Conventional zeolites include X and Y zeolites, with ultra stable, or
relatively high silica Y zeolites being preferred. Dealuminized Y (DEAL Y)
and ultrahydrophobic Y (UHP Y) zeolites may be used. The zeolites may be
stabilized with Rare Earths, e.g., 0.1 to 10 Wt % RE.
Relatively high silica zeolite containing catalysts are preferred for use
in the present invention. They withstand the high temperatures usually
associated with complete combustion of CO to CO2 within the FCC
regenerator.
The catalyst inventory may also contain one or more additives, either
present as separate additive particles or mixed in with each particle of
the cracking catalyst. Additives can be added to enhance octane (shape
selective zeolites, i.e., those having a Constraint Index of 1-12, and
typified by ZSM-5, and other materials having a similar crystal
structure), adsorb SOX (alumina), remove Ni and V (Mg and Ca oxides).
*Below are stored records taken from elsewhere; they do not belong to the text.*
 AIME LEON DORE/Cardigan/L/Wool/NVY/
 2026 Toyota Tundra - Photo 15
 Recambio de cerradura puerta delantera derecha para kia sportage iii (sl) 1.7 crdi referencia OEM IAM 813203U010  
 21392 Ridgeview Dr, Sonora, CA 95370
Additives for removal of SOx are available from catalyst suppliers, such as
Davison's "R" or Katalistiks International, Inc.'s "DeSox."
CO combustion additives are available from most FCC catalyst vendors.
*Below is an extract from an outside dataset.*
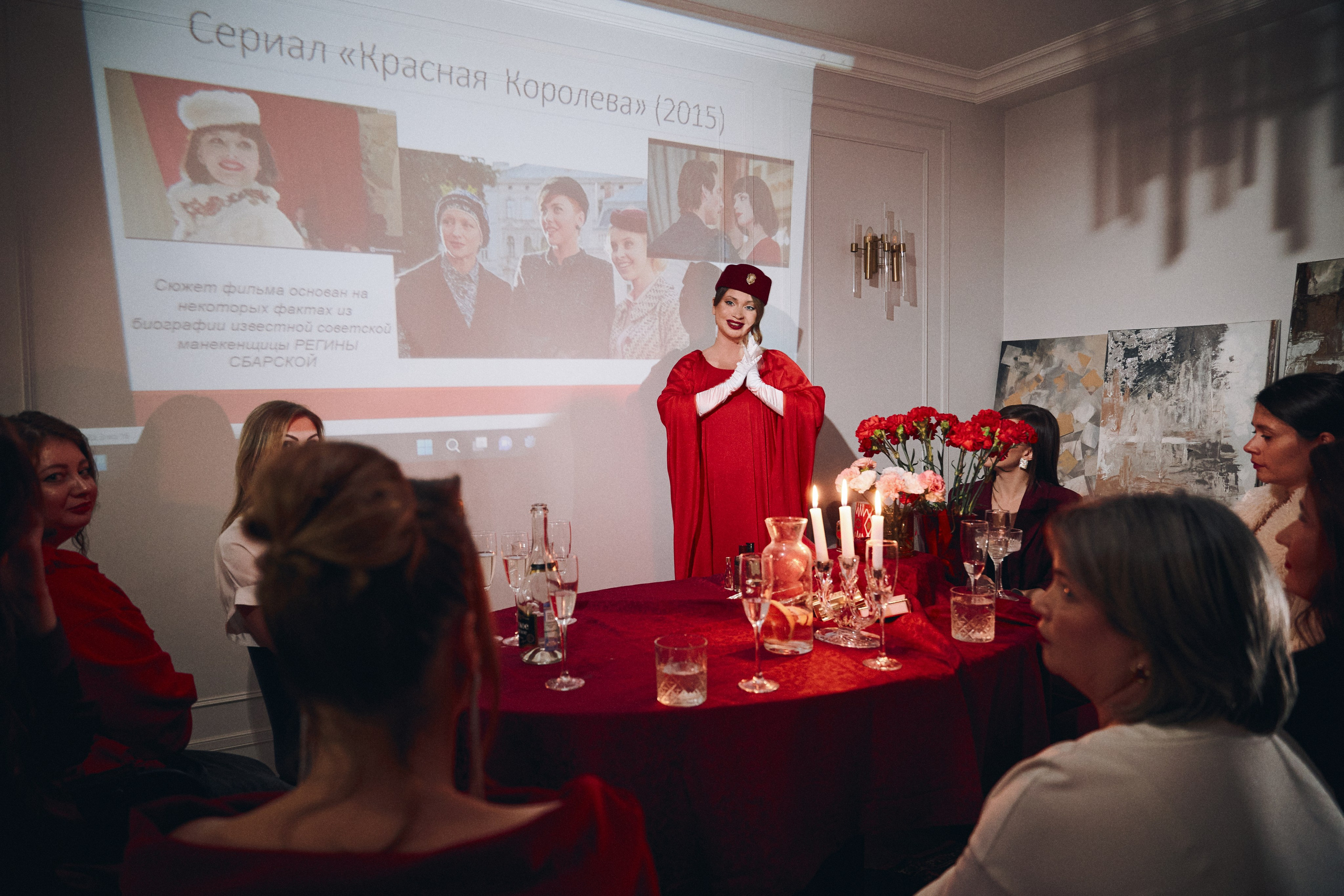 Красная Москва. Фотограф и видеограф в Кургане Леонид Корнильев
The FCC catalyst composition, per se, forms no part of the present
invention.
FCC Reactor Conditions
Conventional FCC reactor conditions may be used. The reactor may be either
a riser cracking unit or dense bed unit or both. Riser cracking is highly
preferred. Typical riser cracking reaction conditions include catalyst/oil
ratios of 0.5:1 to 15:1 and preferably 3:1 to 8:1, and a catalyst contact
time of 0.5-50 seconds, and preferably 1-20 seconds.
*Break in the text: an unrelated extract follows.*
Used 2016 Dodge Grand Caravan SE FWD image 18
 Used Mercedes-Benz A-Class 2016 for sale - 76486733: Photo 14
It is preferred, but not essential, to use an atomizing feed mixing nozzle
in the base of the riser reactor, such as ones available from Bete Fog.
More details of use of such a nozzle in FCC processing are disclosed in
U.S. Ser. No. 424,420, which is incorporated herein by reference.
It is preferred, but not essential, to have a riser acceleration zone in
the base of the riser, as shown in FIGS. 1 and 2.
It is preferred, but not essential, to have the riser reactor discharge
into a closed cyclone system for rapid and efficient separation of cracked
products from spent catalyst. A preferred closed cyclone system is
disclosed in U.S. Pat. No. 4,502,947 to Haddad et al.
It is preferred but not essential, to rapidly strip the catalyst,
immediately after it exits the riser, and upstream of the conventional
catalyst stripper. Stripper cyclones disclosed in U.S. Pat. No. 4,173,527,
Schatz and Heffley, may be used.
It is preferred, but not essential, to use a hot catalyst stripper. Hot
strippers heat spent catalyst by adding some hot, regenerated catalyst to
spent catalyst. The hot stripper reduces the hydrogen content of the spent
catalyst sent to the regenerator and reduces the coke content as well.
Thus, the hot stripper helps control the temperature and amount of
hydrothermal deactivation of catalyst in the regenerator. A good hot
stripper design is shown in U.S. Pat. No. 4,820,404 Owen, which is
incorporated herein by reference. A catalyst cooler cools the heated
catalyst before it is sent to the catalyst regenerator.
The FCC reactor and stripper conditions, per se, can be conventional and
form no part of the present invention.
Catalyst Regeneration
The process and apparatus of the present invention can use many
conventional elements most of which are conventional in FCC regenerators.
The present invention uses as its starting point a high efficiency
regenerator such as is shown in the Figures, or as shown. The essential
elements include a coke combustor, a dilute phase transport riser and a
second fluidized bed, which is usually a bubbling dense bed. The second
fluidized bed can also be a turbulent fluidized bed, or even another fast
fluidized bed, but unit modifications will then frequently be required.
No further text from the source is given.